Tourists use words like “charm” and “atmosphere” when describing New Orleans, and sometimes “history,” but what they are really talking about is time. It’s a city that somehow never left the past behind, not really. It feels right to walk down Magazine Street hand in hand with your loved one. It is a bit of a promenade, but it is not affectation. You don’t need to be from around here to know how it should be done because, three steps in, and the city entreats and intoxicates and transports you, and you find yourself suddenly living life as it should be lived — as you always knew in your marrow you were supposed to be living before something somewhere went wrong. That’s what New Orleans does to you. It’s why those horse-drawn carriage rides along Jackson Square don’t feel quaint or ridiculous. They roll along the street, the wide wheels crunching gravel slowly, the clop-clop-clop of the mules in no rush to be anywhere, these old, dignified pros — not beasts of burden but, rather, lords of the city — who even know which post is theirs at stops along the way.

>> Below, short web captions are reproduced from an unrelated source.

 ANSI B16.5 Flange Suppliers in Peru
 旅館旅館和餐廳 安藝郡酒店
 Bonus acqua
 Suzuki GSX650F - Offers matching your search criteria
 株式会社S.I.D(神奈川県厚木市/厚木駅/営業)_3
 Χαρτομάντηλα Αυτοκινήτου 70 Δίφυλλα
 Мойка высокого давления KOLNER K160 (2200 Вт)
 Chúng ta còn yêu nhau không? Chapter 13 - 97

Meanwhile, you’re in the carriage cozied up to your partner even in the sweltering Crescent City summers, and it’s the cars that seem to be the interlopers, not these timeless old carriages. And you know you’re precisely where you’re supposed to be, when you’re supposed to be there.

That matters in the context of Sazerac House, an interactive sensory experience that opened this month on the corner of Canal and Magazine, in which visitors are invited to live the story and culture of New Orleans spirits and cocktails, including the namesake Sazerac — the official cocktail of the city. It is inaccurate to call Sazerac House a museum. Rather, it is a preservation not of what once was, but what remains, ongoing, today. I have been there twice now: once for a private tour, and once for its grand opening gala, and so I know what visitors can expect and how guests will respond.

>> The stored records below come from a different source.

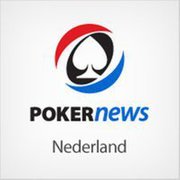 PokerNews.nl brengt je live updates van de grootste toernooien ter wereld. Blijf op de hoogte via Twitter!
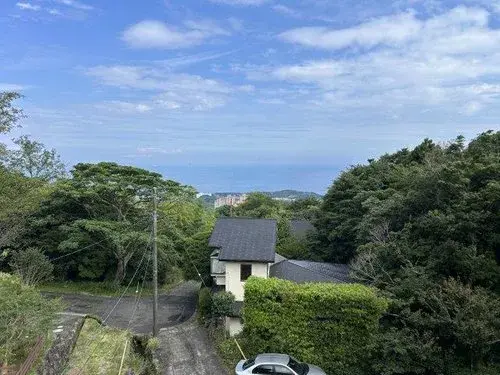 4LDK+S物件 賀茂郡東伊豆町 静岡県 (7)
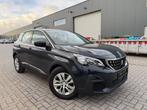 Peugeot 3008 1.2 Benzine Active model - 1 jaar garantie, Auto's, Gebruikt, Euro 6, 131 pk, https://public.car-pass.be/vhr/3caadd1f-872c-44d1-a186-3857b6c59c0a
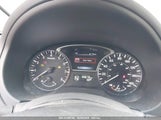 NISSAN ALTIMA 3.5 SL 1N4BL3AP9FC412881 снимка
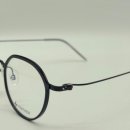 으뜸플러스안경 왕십리점 이미지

I can say with certainty that Sazerac House, a $50 million investment by Sazerac Company, is perhaps the city’s most ambitious project since its National World War II Museum, and will likely surpass even that in traffic and attention. Sazerac House is New Orleans, distilled.

As you enter the Sazerac House lobby, the first thing to catch your eye is a great white wall, two stories high and with scores of shelves lined with liquors distilled by the Sazerac Company. There are hundreds of bottles on display, and it doesn’t feel so much like the mirrored back of a barroom (minus the neon) as it does the stark glass cases of the Musée d’Orsay. You feel as though you see the “truth” of the spirits; that what has been bottled is not a product, but an art form: the result of crops tended, yields harvested, the chemistry of fermentation, the balance of flavor profiles and the slow movement of time during distillation. Quality spirits aren’t something you simply buy at the grocery store and shove in a cabinet. They’re living things made by living people, and given the same care a painter uses when easing a brushstroke across the canvas.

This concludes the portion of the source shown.